Wellesley Tudor Pole and the Big Ben Silent Minute
By PATRICK S. WOLFE
On Armistice Sunday, November 10, 1940, during the Blitz, the BBC added its considerable clout to the new practice “of one minute’s silence, to be marked by the first stroke of Big Ben striking nine o’clock each evening.”
The Silent Minute was an initiative led by the British mystic Wellesley Tudor Pole (1884-1968). The minute was intended to be, in Tudor Pole’s words, “a daily moment of united prayer and silence” that would “create a channel between the visible and invisible worlds through which Divine help and inspiration could be received.”

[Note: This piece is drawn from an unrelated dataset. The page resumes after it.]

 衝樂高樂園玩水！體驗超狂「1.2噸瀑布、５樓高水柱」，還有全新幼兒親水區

Although Paul Fletcher’s 2015 book, Light upon the Path: The Unpublished Writings of Wellesley Tudor Pole, notes that “Tudor Pole began his campaign on his birthday, St. George’s Day, 23rd April, 1940,” that beginning is often associated with the evacuation of almost 340,000 soldiers from Dunkirk a month later. Tudor Pole’s pamphlet, “The Spiritual Front,” published in 1940, and republished later that year as “Round the World at Nine O’Clock,” strengthened this idea. During the great Dunkirk rescue from May 27 through June 4, “it seemed as if Britain stood alone and unprotected against overwhelming forces of evil,” he wrote. In a famous speech on June 4, Prime Minister Winston Churchill referred to the evacuation as “a miracle of deliverance.”
During that spring and early summer, Tudor Pole “sent out around ten thousand communications and over one thousand interviews were undertaken.” According to Andrew Dakers’ definitive history of the “Big Ben Minute,” Tudor Pole wrote “to all Members of Parliament in both Houses, to Church leaders and the heads of religious and social organizations, and to the secretaries of every club in the country.” Fletcher adds that Tudor Pole “also contacted four thousand heads of schools and other educational establishments,” as well as “his contacts in the Dominions… and the United States,” amongst others.

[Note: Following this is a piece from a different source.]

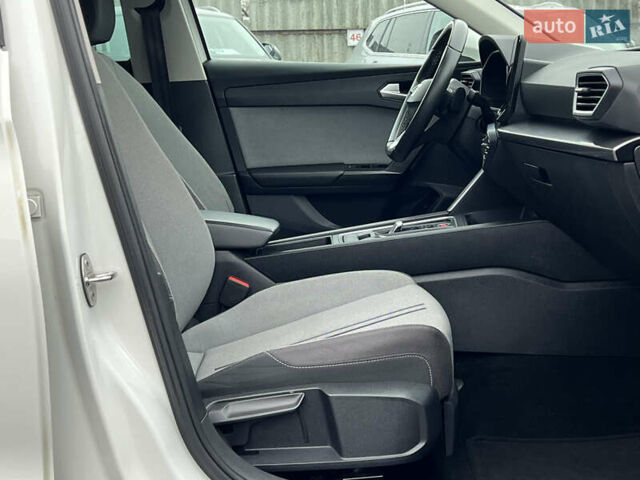Білий Сеат Leon, об'ємом двигуна 2 л та пробігом 196 тис. км за 19222 $, фото 48 на Automoto.ua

On July 10, Tudor Pole spoke to “the Toc-H Group of members of the House of Commons”; Toc-H, an international Christian movement founded in Belgium in December 1915, is an abbreviation for Talbot House, “Toc” being the letter T in the signals spelling alphabet used by the British Army during the First World War. This group approached Churchill with a view to enlisting the support of the BBC, which had declined to cooperate. Tudor Pole met with the prime minister in September. It may have been at this meeting that he reportedly warned “Churchill about psychic spying.”
On October 28, the BBC board “agreed to change their decision” and to support the Big Ben Silent Minute. Where “about a quarter of a million people were observing the Minute before the BBC came on-board,” Dakers estimates that this number grew to “not less than 5,000,000 people at home and abroad … within a matter of months.” By February 1941, according to Fletcher, the national daily press were also supporting the initiative.
The roots of the Silent Minute go back to the First World War. Tudor Pole, a businessman, was “excused from military service as his company [Chamberlain Pole & Co. Ltd., Flour Importers, Grain and Cereal Merchants] was marketing essential foodstuffs and supplying the army.” He had wanted to go to university, but in 1901, at the age of 17, he instead joined the family business, which had suffered financial difficulties due to “some ill-judged decisions” by his father. As Tudor Pole told a friend, he was “managing director at Bristol at 20.”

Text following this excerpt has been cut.